1. Title. “viral vector corona vaccines” should be replaced by virus-vectored SARS-CoV-2 (or COVID-19) vaccines. The authors may want to re-consider the title of this review.
2. Abstract. L5, “are composed of viral Spike S1…lipid nanoparticle, and stabilized…
3. Introduction. P2, first paragraph. If the criteria is world-wide usage, likely the Sputnik V vaccine should be added to the list of vaccines here as it is used in several regions of the world.
4. Section 2.1 “…single stranded RNA viruses with genome length of ~30 kB.”

    L6, Coronaviruses replicate solely in the cytoplasm of infected cells; no materials enter the nucleus for

    replication.

    Fig 1: the light blue domain in the MICA/MICB α chain is not well resolved in a print.

 

5. Section 2.2, First line, delete “and”. First sentence in P4 “…commonly used as vaccine genetic vectors.”

    Section 2.2.1. It is not clear whether mRNAs in current vaccines are modified or not. The discussion on RNA modification is somewhat fragmented (P5, then P8). It may help the reader to consolidate this and discuss effects of RNA modification on activation of the innate immune system, efficiency of translation, and RNA stability together.

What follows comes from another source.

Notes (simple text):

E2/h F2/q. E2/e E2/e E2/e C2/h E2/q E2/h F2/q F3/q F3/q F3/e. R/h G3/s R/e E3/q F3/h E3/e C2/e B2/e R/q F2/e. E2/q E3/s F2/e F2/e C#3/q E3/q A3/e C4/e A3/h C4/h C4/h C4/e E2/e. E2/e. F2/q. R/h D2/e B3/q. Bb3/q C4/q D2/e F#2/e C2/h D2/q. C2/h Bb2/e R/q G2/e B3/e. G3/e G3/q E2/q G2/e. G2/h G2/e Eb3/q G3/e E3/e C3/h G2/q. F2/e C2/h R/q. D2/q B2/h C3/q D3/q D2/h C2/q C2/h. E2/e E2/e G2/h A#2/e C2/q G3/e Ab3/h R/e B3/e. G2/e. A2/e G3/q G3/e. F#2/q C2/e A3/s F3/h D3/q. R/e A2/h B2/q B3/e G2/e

Last sentence, however Thess et al (Mol. Ther. 23,1456–1464 (2015)) obtained different results.

 

6. Section 2.2.2. L4 … by short transmembrane and cytoplasmic domains. L8, please expand on the type and magnitude of side effects. L14 “… cleavage not described in the related SARS-CoV-1…”.

 

7. Section 2.2.4. First paragraph, indicate that vaccine route is intramuscular. Any role of myocytes in S1 antigen presentation? Second paragraph, second sentence, “…upon influenza mRNA vaccination of non-human primates…”

 

8. Section 2.3. L6 “…after release into the cytosol from endosomes, viral subparticles are terminally uncoated in nuclear pores and genomes enter the nucleus for viral transcription and replication.”

P9 third paragraph, expand on- and/or provide reference(s) for secretion of viral antigen by infected myocytes.

P9 description of individual vectored vaccines is not needed, all are based on non-replicating adenoviruses, all encode full-length S1 and all proved efficient.

 

9. Section 3. It is the suggestion of this reviewer to either remove this section or reduce its size to no more than 3 pages. For example, much of section 3.1 refers to unconventional T cell numbers in Covid-19 cases with no insight on particulars of antigen presentation. Most of sections 3.2-3.4 focus on PEG antigen presentation, following the speculation that PEG-induced hypersensitivity is behind the anaphylactic reactions rarely seen after Covid-19 vaccination.

Author Response

Reviewer #1 Comments

 

1.1Title. “viral vector corona vaccines” should be replaced by virus-vectored SARS-CoV-2 (or COVID-19) vaccines. The authors may want to re-consider the title of this review.

We have reconsidered and agree that the suggested title indeed is better than the original one and have changed the title of our manuscript into “Antigen presentation of mRNA based and virus-vectored SARS-CoV-2 vaccines”

1.2 Abstract. L5, “are composed of viral Spike S1…lipid nanoparticle, and stabilized…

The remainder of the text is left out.